Avant de remettre un vêtement à Emmaüs, à la Croix-Rouge, au Secours populaire ou à une autre structure, il convient de vérifier qu’il est :
- propre,
- parfaitement sec,
- non moisi,
- suffisamment solide,
- portable en l’état,
- placé dans un sac fermé lorsqu’il est déposé dans une borne textile.
👉 Le meilleur don n’est pas nécessairement le vêtement dont on veut simplement se débarrasser. C’est celui qui peut réellement être porté par une autre personne et bénéficier d’une seconde vie.
FAQ
👉 Quels vêtements peut-on donner à une association ?
Les vêtements donnés doivent être propres, secs et suffisamment solides pour être portés.
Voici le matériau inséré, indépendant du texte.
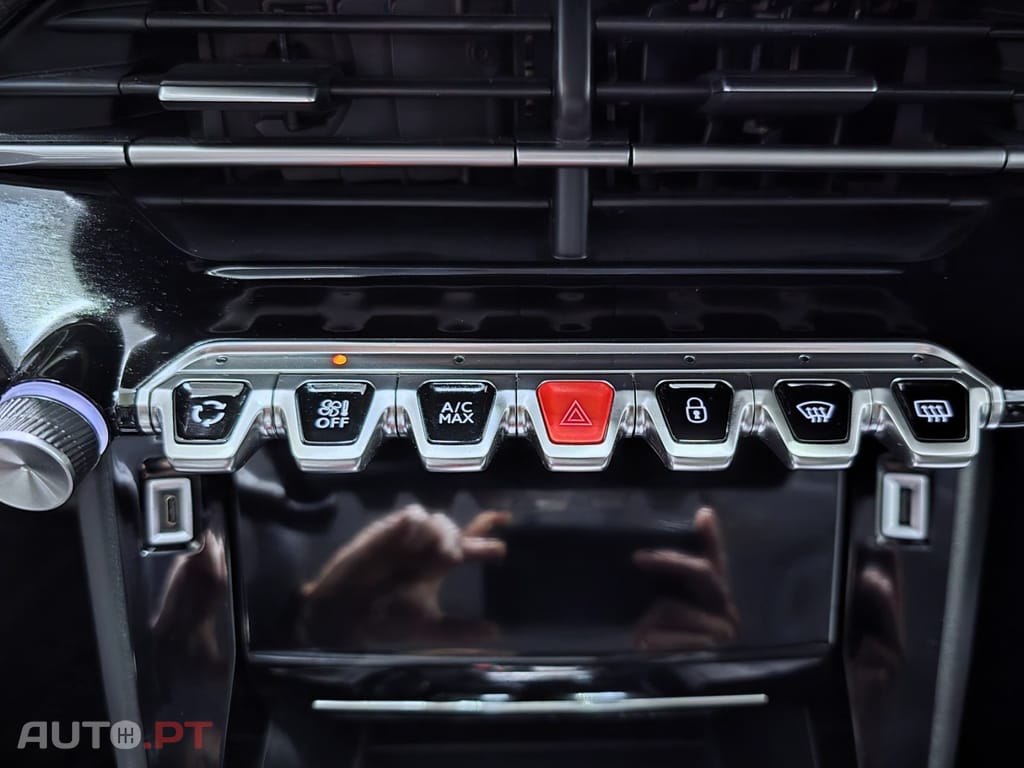 Peugeot E-208 50 kWh Allure Pack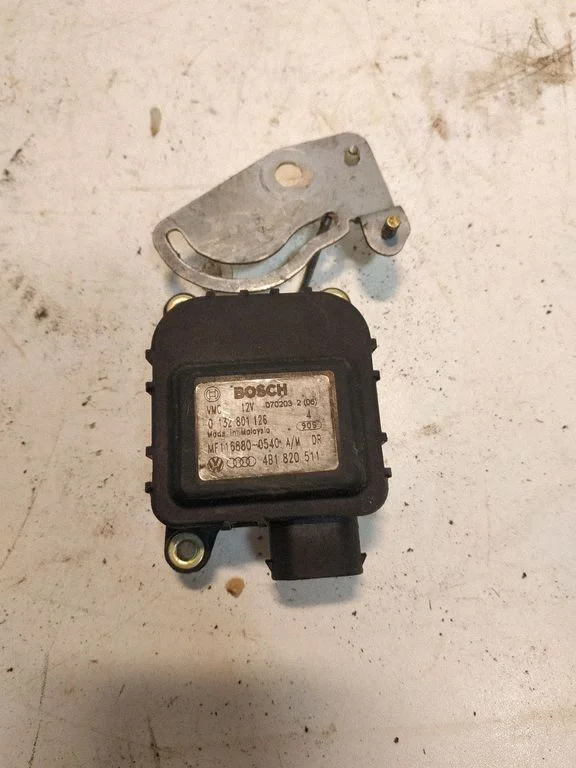 Air flap motor/actuator 4B1820511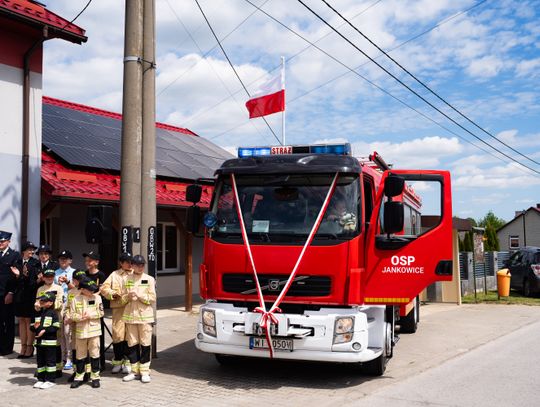 Przekazanie wozu strażackiego dla OSP Jankowice (zdjęcia)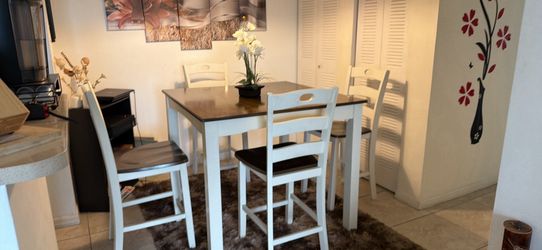 Ashley Dinning Room Set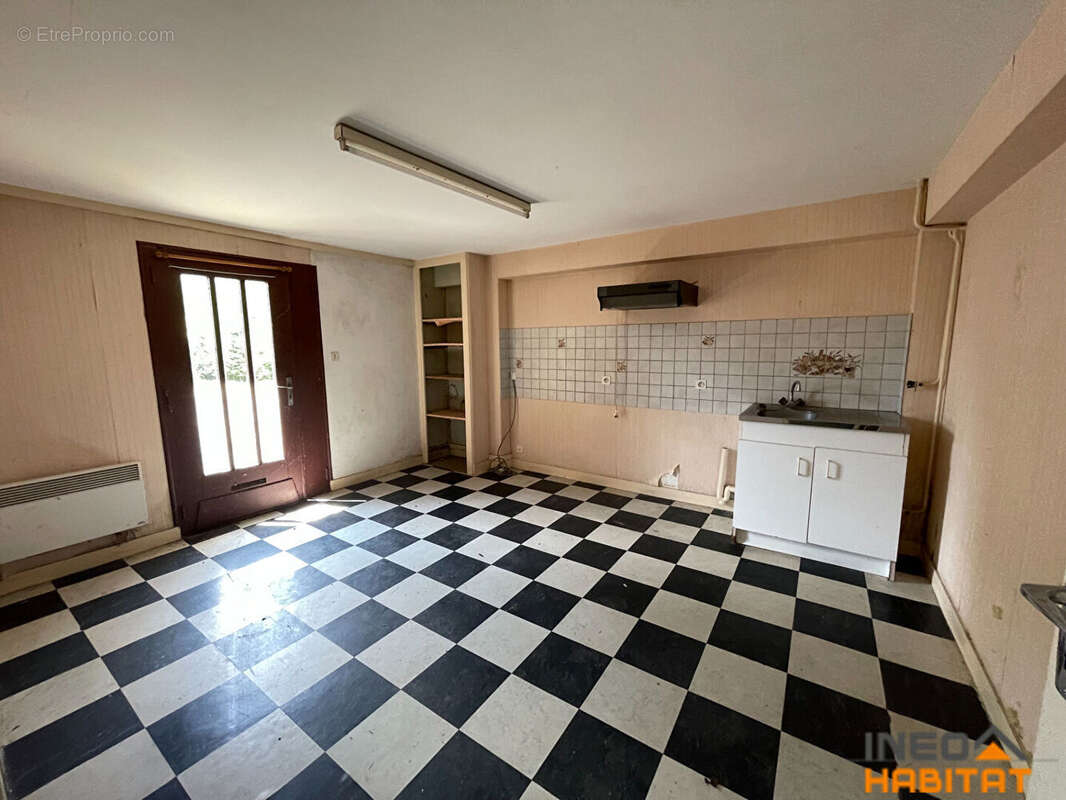 Maison à LA MEZIERE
Ils ne doivent pas être moisis, très tachés ou fortement déchirés.
👉 Emmaüs accepte-t-il les vêtements abîmés ?
Emmaüs cherche généralement à ne pas refuser les dons apportés dans ses centres. Les textiles mouillés sont toutefois écartés, car ils risquent de moisir et de contaminer les autres vêtements. Les pratiques peuvent varier localement.
👉 Où déposer les vêtements qui ne peuvent plus être portés ?
Les textiles trop usés peuvent être placés dans une borne de collecte adaptée s’ils sont propres et secs. Ils doivent être enfermés dans un sac afin de les protéger de l’humidité.
👉 Que deviennent les vêtements donnés à Emmaüs ?
Une partie est vendue dans les boutiques solidaires, tandis que d’autres vêtements sont recyclés ou exportés. Les textiles impossibles à valoriser deviennent des déchets.
👉 Pourquoi certains vêtements sont-ils exportés en Afrique ?
Les vêtements qui ne trouvent pas preneurs en France peuvent être revendus sur les marchés africains. Lorsque leur qualité est insuffisante, ils risquent toutefois de terminer dans des décharges à ciel ouvert.